- TASK DESCRIPTION
The data that follows is to be copied exactly, with each image removed.

- DATA PROVIDED
*****

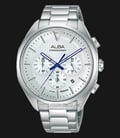Alba AT3G83X1 Men Silver Patterned Dial Stainless Steel Strap-0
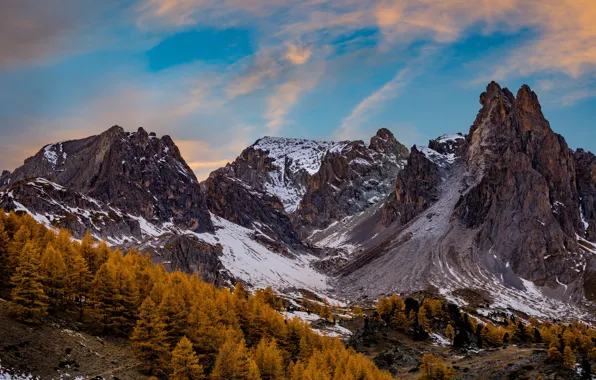 Картинка осень, деревья, горы, Франция, Альпы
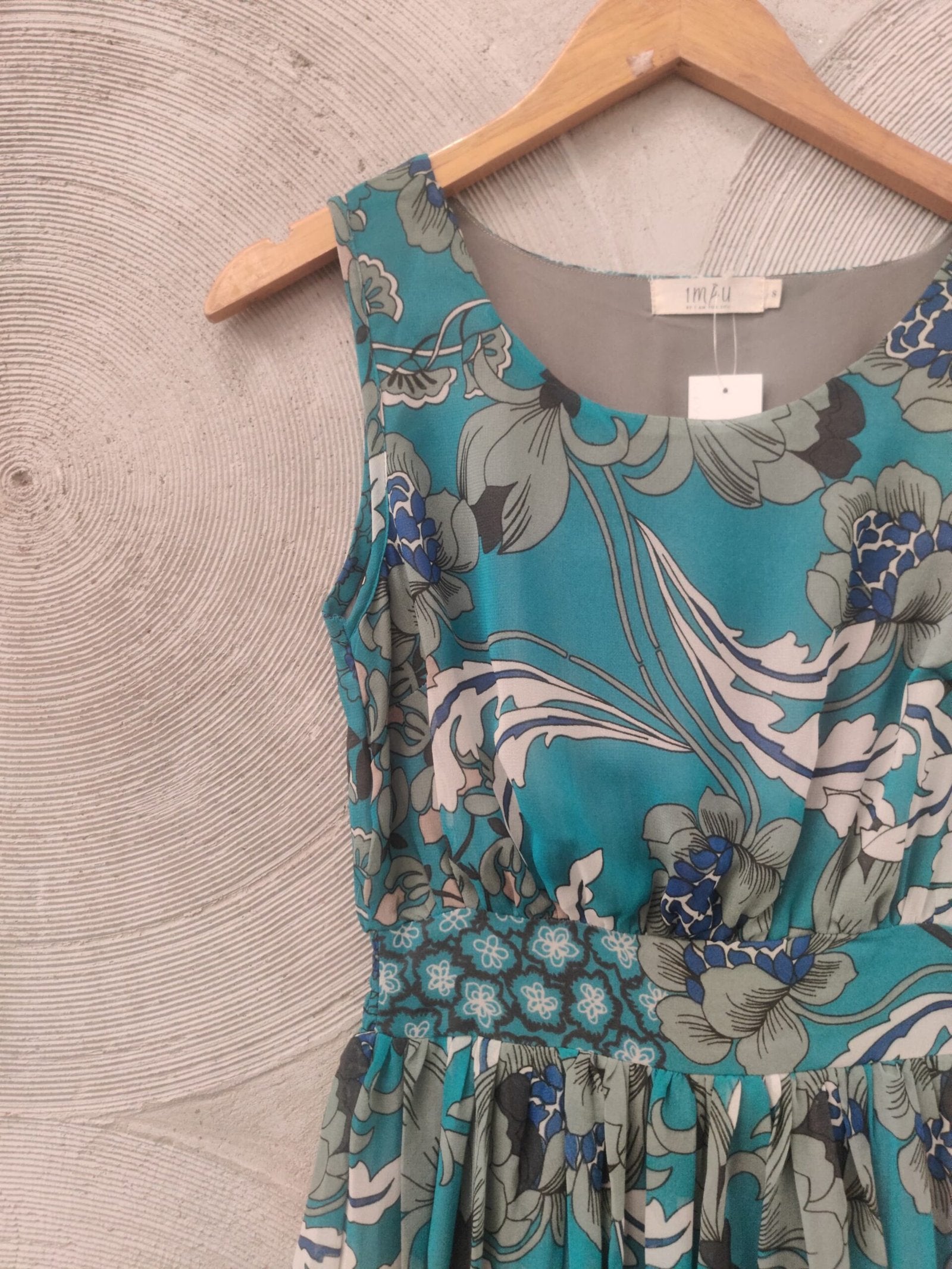 Blue Chiffon Printed Long Sleeveless Dress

*****

- TASK RESULT
Alba AT3G83X1 Men Silver Patterned Dial Stainless Steel Strap-0
 Картинка осень, деревья, горы, Франция, Альпы
 Blue Chiffon Printed Long Sleeveless Dress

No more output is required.